Les marchés publics africains: opportunités de croissance ou cause de faillite des entreprises locales ? Par Bachir Diallo
Considérés comme l’une des sources de revenus la plus importante en raison de la consommation élevée des agents Étatiques (Ministères, Entreprises publiques à caractère administratif, institutions républicaines …), beaucoup d’entreprises locales africaines remuent ciel et terre pour bénéficier des marchés publics afin de faire croître leurs activités parfois même au prix des dessous de tables qui deviennent des charges définitives au cas où elles ne bénéficieraient pas du marché proprement dit.

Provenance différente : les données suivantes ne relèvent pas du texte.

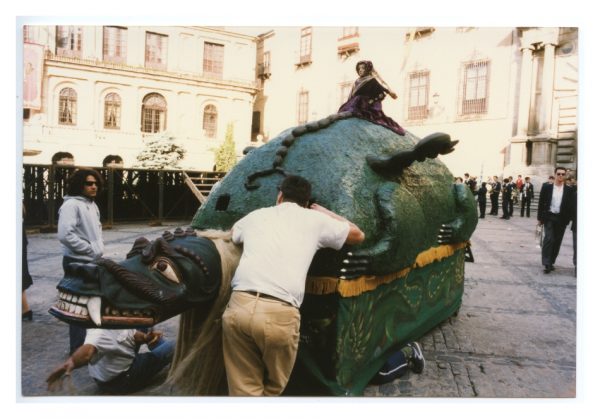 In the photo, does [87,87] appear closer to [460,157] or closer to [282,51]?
[282,51]

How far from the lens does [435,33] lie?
4109 millimetres

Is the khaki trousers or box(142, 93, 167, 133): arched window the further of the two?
box(142, 93, 167, 133): arched window

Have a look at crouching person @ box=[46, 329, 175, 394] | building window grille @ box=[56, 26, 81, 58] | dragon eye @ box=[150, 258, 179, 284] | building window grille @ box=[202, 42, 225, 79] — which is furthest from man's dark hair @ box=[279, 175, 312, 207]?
building window grille @ box=[202, 42, 225, 79]

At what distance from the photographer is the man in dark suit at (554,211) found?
21.5 ft

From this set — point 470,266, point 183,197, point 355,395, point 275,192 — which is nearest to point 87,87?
point 275,192

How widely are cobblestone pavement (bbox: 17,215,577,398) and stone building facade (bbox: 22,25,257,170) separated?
1.50 metres

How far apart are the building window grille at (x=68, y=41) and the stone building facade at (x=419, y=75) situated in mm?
1470

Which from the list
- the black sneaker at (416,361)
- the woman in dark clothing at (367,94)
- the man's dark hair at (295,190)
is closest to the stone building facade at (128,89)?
the woman in dark clothing at (367,94)

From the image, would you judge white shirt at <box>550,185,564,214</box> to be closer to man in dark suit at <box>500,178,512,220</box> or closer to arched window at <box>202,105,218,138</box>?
arched window at <box>202,105,218,138</box>

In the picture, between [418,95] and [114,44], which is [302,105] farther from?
[114,44]

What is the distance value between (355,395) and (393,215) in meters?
1.18

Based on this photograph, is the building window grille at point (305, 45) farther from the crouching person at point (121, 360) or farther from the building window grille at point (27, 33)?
the crouching person at point (121, 360)

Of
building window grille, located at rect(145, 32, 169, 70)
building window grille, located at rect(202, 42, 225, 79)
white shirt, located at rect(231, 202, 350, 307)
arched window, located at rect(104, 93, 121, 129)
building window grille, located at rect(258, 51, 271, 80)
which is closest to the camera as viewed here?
white shirt, located at rect(231, 202, 350, 307)

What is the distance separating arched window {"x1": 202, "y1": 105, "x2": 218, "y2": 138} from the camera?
6785 millimetres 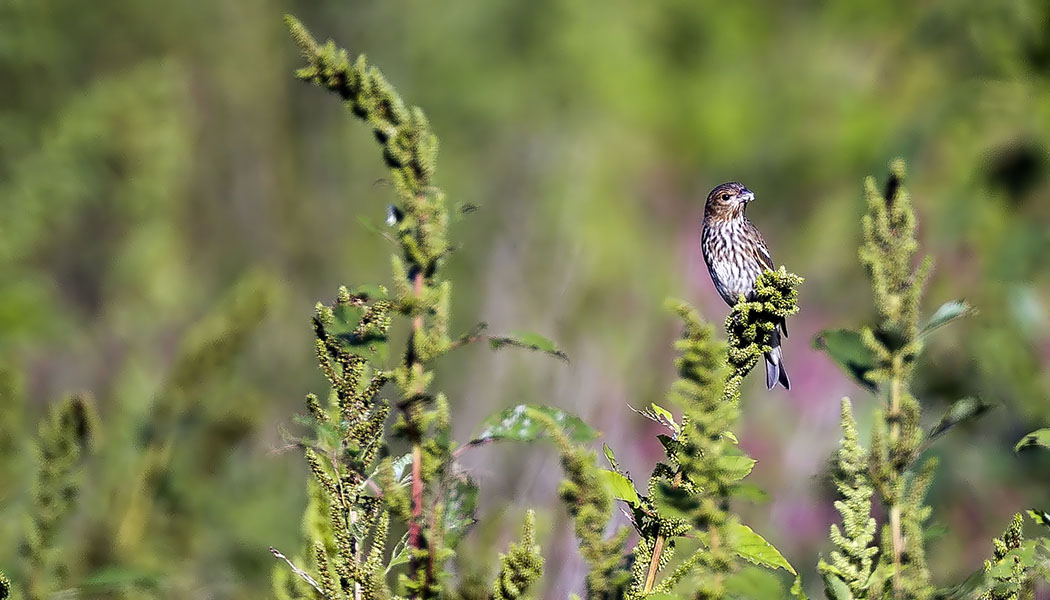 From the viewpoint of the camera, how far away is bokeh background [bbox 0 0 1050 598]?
85.7 inches

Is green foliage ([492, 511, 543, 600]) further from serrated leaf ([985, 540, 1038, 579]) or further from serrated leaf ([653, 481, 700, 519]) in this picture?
serrated leaf ([985, 540, 1038, 579])

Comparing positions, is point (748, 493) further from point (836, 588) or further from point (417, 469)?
point (417, 469)

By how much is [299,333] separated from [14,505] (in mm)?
4695

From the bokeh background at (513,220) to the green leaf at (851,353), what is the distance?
0.16 meters

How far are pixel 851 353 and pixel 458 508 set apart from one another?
346mm

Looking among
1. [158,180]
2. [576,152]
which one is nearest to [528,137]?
[576,152]

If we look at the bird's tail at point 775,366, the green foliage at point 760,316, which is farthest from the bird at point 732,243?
the green foliage at point 760,316

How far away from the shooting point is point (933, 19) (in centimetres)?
608

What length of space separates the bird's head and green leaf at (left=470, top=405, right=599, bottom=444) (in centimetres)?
294

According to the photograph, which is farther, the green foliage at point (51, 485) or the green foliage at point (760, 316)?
the green foliage at point (51, 485)

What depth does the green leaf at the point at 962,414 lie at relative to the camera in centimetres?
82

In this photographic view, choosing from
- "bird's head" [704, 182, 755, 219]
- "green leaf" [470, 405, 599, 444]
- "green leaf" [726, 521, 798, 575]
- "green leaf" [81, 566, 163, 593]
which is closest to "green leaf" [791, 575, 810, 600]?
"green leaf" [726, 521, 798, 575]

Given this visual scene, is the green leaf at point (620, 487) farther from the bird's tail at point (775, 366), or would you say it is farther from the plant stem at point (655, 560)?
the bird's tail at point (775, 366)

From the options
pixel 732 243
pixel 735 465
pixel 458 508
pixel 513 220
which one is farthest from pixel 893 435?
pixel 513 220
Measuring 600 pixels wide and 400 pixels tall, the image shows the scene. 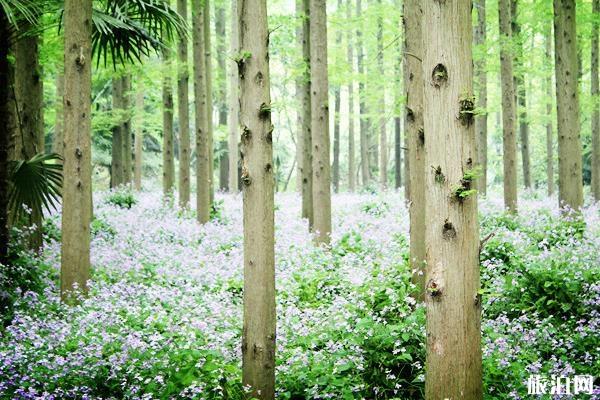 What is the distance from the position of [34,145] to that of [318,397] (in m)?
8.26

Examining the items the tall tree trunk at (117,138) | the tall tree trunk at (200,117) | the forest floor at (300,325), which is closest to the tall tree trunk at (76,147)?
the forest floor at (300,325)

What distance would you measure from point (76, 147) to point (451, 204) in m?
5.60

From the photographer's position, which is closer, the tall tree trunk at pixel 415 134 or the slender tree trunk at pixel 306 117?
the tall tree trunk at pixel 415 134

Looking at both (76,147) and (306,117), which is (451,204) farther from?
(306,117)

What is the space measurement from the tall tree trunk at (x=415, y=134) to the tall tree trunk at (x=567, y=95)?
6.41 meters

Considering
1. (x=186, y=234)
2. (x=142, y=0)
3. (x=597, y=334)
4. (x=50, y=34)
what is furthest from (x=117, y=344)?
(x=50, y=34)

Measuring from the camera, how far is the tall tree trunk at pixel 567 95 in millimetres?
11859

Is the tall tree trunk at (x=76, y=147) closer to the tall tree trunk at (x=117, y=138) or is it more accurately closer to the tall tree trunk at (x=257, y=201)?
the tall tree trunk at (x=257, y=201)

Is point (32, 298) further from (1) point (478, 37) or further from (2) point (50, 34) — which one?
(1) point (478, 37)

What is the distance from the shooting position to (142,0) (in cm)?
884

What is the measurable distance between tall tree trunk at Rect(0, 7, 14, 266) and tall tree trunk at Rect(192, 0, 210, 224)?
6.30 metres

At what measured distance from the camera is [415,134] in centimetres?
687

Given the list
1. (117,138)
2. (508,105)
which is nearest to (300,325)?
(508,105)

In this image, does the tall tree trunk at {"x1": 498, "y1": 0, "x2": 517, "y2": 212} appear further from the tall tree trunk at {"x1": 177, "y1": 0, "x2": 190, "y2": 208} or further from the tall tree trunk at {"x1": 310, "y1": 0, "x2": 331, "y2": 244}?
the tall tree trunk at {"x1": 177, "y1": 0, "x2": 190, "y2": 208} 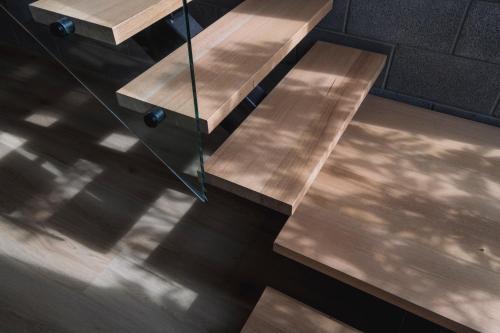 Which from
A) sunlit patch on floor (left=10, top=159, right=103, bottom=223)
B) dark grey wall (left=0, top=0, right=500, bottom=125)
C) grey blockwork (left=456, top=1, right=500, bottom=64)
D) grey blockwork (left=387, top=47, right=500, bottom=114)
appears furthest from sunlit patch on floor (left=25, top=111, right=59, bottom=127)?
grey blockwork (left=456, top=1, right=500, bottom=64)

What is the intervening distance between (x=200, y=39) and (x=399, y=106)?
76 centimetres

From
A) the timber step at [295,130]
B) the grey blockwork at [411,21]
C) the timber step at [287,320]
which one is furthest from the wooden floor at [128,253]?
the grey blockwork at [411,21]

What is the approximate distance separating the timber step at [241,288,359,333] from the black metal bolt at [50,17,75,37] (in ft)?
2.81

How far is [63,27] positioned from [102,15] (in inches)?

Cependant, le processus des marchés publics ne se limitant pas uniquement à l’octroi du marché pour espérer rentrer en possession de sa contrepartie pécuniaire, il est nécessaire de voire quels impacts les marchés publics ont sur les entreprises locales lorsqu’ils se déroulent comme prévu ou non.

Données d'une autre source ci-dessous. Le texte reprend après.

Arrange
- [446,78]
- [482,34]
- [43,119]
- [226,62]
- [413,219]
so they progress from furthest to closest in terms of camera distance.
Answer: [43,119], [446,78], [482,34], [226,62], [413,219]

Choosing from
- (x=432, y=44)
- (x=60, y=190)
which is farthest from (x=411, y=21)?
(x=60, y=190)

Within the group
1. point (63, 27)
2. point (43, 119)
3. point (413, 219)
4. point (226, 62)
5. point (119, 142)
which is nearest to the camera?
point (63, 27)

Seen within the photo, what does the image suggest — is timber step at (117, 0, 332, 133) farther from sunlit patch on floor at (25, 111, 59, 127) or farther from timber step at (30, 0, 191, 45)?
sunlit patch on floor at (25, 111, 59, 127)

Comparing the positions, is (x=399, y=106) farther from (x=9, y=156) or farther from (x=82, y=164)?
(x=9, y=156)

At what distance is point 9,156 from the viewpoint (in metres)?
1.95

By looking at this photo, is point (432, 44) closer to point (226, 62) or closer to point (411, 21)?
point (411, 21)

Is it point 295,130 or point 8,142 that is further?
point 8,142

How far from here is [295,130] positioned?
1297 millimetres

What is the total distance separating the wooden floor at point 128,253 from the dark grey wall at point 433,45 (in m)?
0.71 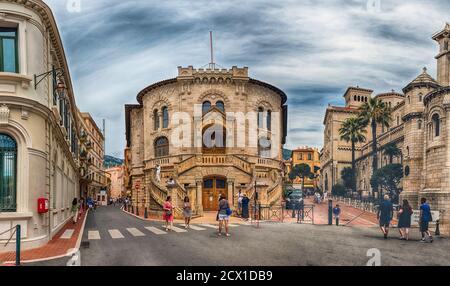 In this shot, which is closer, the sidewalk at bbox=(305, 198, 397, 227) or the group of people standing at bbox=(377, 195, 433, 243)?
the group of people standing at bbox=(377, 195, 433, 243)

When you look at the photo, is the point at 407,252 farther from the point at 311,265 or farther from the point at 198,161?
the point at 198,161

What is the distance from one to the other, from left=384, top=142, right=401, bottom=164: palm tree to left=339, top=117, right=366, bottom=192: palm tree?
51 centimetres

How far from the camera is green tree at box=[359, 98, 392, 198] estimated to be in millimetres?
6312

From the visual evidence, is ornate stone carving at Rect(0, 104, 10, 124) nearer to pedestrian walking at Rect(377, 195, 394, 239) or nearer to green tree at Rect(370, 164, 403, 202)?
green tree at Rect(370, 164, 403, 202)

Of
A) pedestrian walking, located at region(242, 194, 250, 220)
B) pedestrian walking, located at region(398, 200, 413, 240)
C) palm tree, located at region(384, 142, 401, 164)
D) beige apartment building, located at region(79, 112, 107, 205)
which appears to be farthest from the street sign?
pedestrian walking, located at region(242, 194, 250, 220)

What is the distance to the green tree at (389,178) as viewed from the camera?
652 centimetres

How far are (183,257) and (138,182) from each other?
20782 mm

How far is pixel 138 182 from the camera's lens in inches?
1030

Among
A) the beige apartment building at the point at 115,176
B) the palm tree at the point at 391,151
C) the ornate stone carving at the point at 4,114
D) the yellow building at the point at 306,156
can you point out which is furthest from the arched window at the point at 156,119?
the palm tree at the point at 391,151

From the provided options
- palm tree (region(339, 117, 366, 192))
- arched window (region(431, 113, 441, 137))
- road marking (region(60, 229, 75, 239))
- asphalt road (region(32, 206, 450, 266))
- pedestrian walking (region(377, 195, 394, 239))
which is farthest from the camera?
road marking (region(60, 229, 75, 239))

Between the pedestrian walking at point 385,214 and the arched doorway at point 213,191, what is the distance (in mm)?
12851

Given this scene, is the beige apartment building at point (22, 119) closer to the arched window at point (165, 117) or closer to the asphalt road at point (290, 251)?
the asphalt road at point (290, 251)

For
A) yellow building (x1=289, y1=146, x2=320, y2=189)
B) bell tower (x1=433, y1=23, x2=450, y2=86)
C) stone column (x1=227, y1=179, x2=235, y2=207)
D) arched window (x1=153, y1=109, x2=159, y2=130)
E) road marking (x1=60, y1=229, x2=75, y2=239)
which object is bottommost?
road marking (x1=60, y1=229, x2=75, y2=239)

En effet, bien que convoités par beaucoup d’entreprises, les marchés publics représentent parfois une réelle menace pour la pérennité de certaines entreprises non assises financièrement à cause de plusieurs raisons que nous pouvons énumérer :
1- 𝙇𝙚 𝙧𝙚𝙩𝙖𝙧𝙙𝙨 𝙙𝙚 𝙥𝙖𝙞𝙚𝙢𝙚𝙣𝙩 𝙙𝙚𝙨 𝙖𝙜𝙚𝙣𝙩𝙨 𝙚𝙩𝙖𝙩𝙞𝙦𝙪𝙚𝙨 𝙘𝙖𝙪𝙨𝙚𝙨 𝙥𝙖𝙧 𝙡’𝙚𝙥𝙪𝙞𝙨𝙚𝙢𝙚𝙣𝙩 𝙙𝙪 𝘽𝙪𝙙𝙜𝙚𝙩 𝙖𝙡𝙡𝙤𝙪é
Remporter un marché public est bien pour une entreprise mais c’est si elle peut rentrer en possession de son argent dès qu’elle aura exécuter ce dernier. De surcroît, il arrive souvent que certains agents étatiques n’honorent pas leurs engagements en raison de certaines contraintes. C’est le cas par exemple si le budget alloué aux agents étatiques a été totalement bouclé et qu’ils continuent toujours de faire des commandes publiques.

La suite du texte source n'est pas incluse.